WHAT YOU WILL DO: Copy exactly the lines of the material below, starting with the first and including the line that holds "Akoya Cultured Pearl Heart Pendant".

INFORMATION PROVIDED:
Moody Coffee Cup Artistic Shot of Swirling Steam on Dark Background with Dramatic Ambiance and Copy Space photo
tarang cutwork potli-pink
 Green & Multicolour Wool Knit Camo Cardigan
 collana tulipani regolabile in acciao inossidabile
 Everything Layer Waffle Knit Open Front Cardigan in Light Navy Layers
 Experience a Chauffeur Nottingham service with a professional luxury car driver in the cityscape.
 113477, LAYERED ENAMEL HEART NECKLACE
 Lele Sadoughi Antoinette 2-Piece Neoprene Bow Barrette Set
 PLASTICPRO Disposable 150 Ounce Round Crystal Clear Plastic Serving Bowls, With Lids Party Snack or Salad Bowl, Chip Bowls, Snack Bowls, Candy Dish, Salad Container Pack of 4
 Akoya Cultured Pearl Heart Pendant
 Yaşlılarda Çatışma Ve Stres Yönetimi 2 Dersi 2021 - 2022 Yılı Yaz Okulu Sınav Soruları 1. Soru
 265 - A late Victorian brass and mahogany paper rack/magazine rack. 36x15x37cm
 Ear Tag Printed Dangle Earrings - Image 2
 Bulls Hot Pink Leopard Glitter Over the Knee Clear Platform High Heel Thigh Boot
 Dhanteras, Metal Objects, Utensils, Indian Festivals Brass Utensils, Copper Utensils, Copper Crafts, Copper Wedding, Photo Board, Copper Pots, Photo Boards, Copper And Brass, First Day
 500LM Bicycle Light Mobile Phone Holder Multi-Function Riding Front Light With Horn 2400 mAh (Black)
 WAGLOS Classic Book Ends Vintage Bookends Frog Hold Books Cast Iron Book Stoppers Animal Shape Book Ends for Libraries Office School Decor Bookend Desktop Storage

EXERCISE SOLUTION:
Moody Coffee Cup Artistic Shot of Swirling Steam on Dark Background with Dramatic Ambiance and Copy Space photo
tarang cutwork potli-pink
 Green & Multicolour Wool Knit Camo Cardigan
 collana tulipani regolabile in acciao inossidabile
 Everything Layer Waffle Knit Open Front Cardigan in Light Navy Layers
 Experience a Chauffeur Nottingham service with a professional luxury car driver in the cityscape.
 113477, LAYERED ENAMEL HEART NECKLACE
 Lele Sadoughi Antoinette 2-Piece Neoprene Bow Barrette Set
 PLASTICPRO Disposable 150 Ounce Round Crystal Clear Plastic Serving Bowls, With Lids Party Snack or Salad Bowl, Chip Bowls, Snack Bowls, Candy Dish, Salad Container Pack of 4
 Akoya Cultured Pearl Heart Pendant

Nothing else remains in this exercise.